Il estime que «cette contradiction ne semble pas être une simple bévue administrative. C’est peut-être la preuve d’un mépris total pour la cohérence institutionnelle, d’une instrumentalisation cynique de la justice pour habiller de légalité une opération de vilipendage politique post-mortem ».
Dr Mahamadou Konaté est sans équivoque dans sa tribune : « Soyons clairs : le but de cet audit post-mortem n’est pas judiciaire, mais très probablement politique. Cela a tout l’air d’une manœuvre de diversion, une tentative désespérée de créer un ennemi rétrospectif, un coupable de substitution, pendant que le peuple ploie sous le fagot du quotidien ; détourner l’attention des citoyens des véritables problèmes qui minent notre pays, pour la recentrer, ne serait-ce qu’un temps, sur des questions problématiques liées au gaspillage des ressources publiques, perpétré par ceux qui sont désormais des dinosaures politiques incapables de se défendre ».
Dans une tribune largement diffusée, Me Mountaga Tall écrit : «Il ne s’agit de faire un audit pour connaître la vérité sur les comptes des partis politiques mais simplement d’une opération en vue de les salir et de les discréditer…. Le Premier ministre demande donc à la Section des comptes de la Cour suprême de violer la loi. Elle aurait dû lui expliquer que sa demande était illégale. Pour ce qui nous concerne, c’est un piège dans lequel nous ne tomberons pas», Et cette figure emblématique du Mouvement démocratique d’interpeller : « La Section des comptes de la Cour suprême, pour obtenir satisfaction, doit demander la levée de ces interdictions et le rétablissement des partis politiques. A défaut, elle doit s’assumer devant le Premier ministre en lui indiquant clairement que la mission assignée est impossible à exécuter dans le respect de la loi ».

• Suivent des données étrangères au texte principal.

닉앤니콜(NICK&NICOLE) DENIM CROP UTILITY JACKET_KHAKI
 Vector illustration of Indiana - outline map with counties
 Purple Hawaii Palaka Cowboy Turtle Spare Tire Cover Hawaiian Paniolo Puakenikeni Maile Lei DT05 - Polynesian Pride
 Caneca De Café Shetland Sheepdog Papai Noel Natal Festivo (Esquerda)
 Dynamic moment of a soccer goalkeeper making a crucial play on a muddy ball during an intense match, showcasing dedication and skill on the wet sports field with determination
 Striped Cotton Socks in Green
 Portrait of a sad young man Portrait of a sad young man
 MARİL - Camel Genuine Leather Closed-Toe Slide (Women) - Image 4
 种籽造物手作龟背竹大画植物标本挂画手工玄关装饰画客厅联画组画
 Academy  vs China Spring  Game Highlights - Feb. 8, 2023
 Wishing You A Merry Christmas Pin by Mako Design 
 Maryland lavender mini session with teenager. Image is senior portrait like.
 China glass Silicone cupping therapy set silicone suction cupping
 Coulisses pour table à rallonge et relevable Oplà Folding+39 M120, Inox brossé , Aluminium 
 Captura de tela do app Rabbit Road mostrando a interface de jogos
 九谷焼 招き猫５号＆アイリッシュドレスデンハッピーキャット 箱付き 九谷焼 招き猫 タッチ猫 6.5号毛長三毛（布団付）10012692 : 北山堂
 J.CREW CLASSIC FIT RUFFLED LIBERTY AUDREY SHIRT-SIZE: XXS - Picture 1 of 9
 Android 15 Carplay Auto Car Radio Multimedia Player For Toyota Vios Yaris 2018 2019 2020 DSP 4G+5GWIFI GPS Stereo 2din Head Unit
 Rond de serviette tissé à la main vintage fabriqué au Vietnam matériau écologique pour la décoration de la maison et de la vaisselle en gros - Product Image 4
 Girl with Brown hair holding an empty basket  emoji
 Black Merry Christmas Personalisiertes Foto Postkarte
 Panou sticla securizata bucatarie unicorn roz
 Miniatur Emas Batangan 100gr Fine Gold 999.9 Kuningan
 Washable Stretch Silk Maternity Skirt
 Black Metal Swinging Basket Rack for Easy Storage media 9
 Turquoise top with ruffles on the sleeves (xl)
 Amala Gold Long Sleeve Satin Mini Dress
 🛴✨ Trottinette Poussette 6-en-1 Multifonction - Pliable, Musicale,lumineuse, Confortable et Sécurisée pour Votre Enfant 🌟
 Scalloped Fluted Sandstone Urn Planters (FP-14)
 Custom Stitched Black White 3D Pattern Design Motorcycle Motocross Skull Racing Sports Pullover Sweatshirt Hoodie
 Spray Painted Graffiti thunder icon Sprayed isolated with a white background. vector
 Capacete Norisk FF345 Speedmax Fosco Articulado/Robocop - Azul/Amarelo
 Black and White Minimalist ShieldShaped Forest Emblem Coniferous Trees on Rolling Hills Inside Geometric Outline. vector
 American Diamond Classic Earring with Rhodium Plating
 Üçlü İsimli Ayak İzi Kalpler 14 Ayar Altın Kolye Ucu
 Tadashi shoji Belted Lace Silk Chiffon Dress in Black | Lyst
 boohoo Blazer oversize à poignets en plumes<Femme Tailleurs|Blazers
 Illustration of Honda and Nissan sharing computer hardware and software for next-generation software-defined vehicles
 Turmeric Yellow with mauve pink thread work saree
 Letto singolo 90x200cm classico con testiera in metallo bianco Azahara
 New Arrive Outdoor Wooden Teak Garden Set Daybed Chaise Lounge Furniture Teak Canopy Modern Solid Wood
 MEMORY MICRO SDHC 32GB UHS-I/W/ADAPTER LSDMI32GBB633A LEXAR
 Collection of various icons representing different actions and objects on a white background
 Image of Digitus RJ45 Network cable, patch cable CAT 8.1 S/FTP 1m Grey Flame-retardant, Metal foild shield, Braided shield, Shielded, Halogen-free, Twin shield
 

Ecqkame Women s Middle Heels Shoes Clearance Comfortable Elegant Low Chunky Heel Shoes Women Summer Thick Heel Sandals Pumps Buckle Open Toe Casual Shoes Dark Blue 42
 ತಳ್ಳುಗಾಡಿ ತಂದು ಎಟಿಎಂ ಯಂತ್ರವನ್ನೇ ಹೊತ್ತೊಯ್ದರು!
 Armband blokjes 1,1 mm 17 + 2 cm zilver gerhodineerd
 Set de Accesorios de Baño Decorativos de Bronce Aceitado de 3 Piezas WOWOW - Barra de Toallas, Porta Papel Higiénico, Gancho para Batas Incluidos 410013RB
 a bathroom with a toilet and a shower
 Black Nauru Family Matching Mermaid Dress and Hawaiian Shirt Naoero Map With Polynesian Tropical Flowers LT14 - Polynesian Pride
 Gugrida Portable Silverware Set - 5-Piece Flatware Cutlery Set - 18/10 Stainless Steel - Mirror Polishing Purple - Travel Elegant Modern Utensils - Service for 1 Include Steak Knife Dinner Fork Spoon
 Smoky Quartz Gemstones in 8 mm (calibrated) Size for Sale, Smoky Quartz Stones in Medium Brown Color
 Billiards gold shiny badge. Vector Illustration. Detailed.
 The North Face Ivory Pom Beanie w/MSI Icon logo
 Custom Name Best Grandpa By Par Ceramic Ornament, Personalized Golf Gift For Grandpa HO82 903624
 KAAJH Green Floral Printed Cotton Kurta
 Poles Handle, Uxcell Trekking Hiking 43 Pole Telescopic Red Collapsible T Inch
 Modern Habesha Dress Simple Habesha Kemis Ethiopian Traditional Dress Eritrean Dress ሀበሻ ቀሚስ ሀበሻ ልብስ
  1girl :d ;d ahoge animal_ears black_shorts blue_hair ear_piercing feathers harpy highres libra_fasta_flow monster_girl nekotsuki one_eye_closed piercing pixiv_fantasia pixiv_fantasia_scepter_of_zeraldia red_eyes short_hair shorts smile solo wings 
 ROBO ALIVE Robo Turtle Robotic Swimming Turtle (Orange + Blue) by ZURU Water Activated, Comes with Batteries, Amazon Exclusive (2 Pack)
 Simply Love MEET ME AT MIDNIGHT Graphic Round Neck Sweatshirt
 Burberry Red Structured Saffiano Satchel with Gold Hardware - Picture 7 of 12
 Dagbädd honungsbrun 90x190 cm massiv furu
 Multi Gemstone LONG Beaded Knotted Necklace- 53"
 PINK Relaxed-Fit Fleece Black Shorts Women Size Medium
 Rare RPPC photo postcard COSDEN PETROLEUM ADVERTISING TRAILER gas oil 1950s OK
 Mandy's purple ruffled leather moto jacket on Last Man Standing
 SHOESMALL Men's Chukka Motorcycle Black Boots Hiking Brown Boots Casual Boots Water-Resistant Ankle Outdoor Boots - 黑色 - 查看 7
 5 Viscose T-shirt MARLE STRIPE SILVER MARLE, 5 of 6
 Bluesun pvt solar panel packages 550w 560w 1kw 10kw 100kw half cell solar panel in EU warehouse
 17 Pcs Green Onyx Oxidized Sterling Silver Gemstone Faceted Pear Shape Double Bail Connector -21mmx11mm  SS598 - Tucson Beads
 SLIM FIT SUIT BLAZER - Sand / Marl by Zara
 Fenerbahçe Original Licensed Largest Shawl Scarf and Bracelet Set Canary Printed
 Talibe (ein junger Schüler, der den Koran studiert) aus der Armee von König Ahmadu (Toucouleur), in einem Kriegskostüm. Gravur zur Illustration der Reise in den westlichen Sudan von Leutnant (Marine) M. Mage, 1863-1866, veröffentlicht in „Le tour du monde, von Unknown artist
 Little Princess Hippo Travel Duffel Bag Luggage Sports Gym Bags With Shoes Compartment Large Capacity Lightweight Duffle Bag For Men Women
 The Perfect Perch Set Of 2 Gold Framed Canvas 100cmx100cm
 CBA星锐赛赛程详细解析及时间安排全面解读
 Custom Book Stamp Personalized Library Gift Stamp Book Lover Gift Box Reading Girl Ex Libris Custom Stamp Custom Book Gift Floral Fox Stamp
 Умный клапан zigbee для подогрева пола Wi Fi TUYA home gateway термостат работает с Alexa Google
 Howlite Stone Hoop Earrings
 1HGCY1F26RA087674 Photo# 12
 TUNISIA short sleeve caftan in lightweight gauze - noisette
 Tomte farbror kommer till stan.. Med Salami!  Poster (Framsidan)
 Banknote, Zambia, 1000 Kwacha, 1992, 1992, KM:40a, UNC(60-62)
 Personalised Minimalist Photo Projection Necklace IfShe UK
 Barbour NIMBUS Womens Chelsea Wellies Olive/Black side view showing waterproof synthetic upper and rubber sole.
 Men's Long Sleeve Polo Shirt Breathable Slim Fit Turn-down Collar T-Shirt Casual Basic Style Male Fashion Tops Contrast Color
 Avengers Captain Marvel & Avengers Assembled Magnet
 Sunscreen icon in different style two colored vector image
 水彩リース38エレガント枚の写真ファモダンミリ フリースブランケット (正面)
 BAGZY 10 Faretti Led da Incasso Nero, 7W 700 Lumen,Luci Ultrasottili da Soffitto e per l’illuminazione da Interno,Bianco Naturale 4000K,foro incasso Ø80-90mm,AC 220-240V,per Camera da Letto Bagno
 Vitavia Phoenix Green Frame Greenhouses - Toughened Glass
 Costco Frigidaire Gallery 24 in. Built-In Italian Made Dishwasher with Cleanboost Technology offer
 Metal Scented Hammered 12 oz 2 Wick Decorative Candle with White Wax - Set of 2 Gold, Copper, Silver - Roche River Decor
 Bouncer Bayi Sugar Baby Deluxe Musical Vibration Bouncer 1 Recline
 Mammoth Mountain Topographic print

La Section des comptes de la Cour suprême est face à elle-même dans cette affaire. Chaque année, elle était chargée de valider les comptes des partis politiques. Pour bénéficier du financement, chaque formation politique était certifiée par les juges de la Section des Comptes de la Cour suprême. A l’exception d’une année (en 2005, le Président ATT a pris la décision d’octroyer le financement public aux partis contre l’avis de la Cour), la plus haute juridiction du pays a donné son quitus en donnant les noms des partis politiques qui remplissaient les critères d’accessibilité.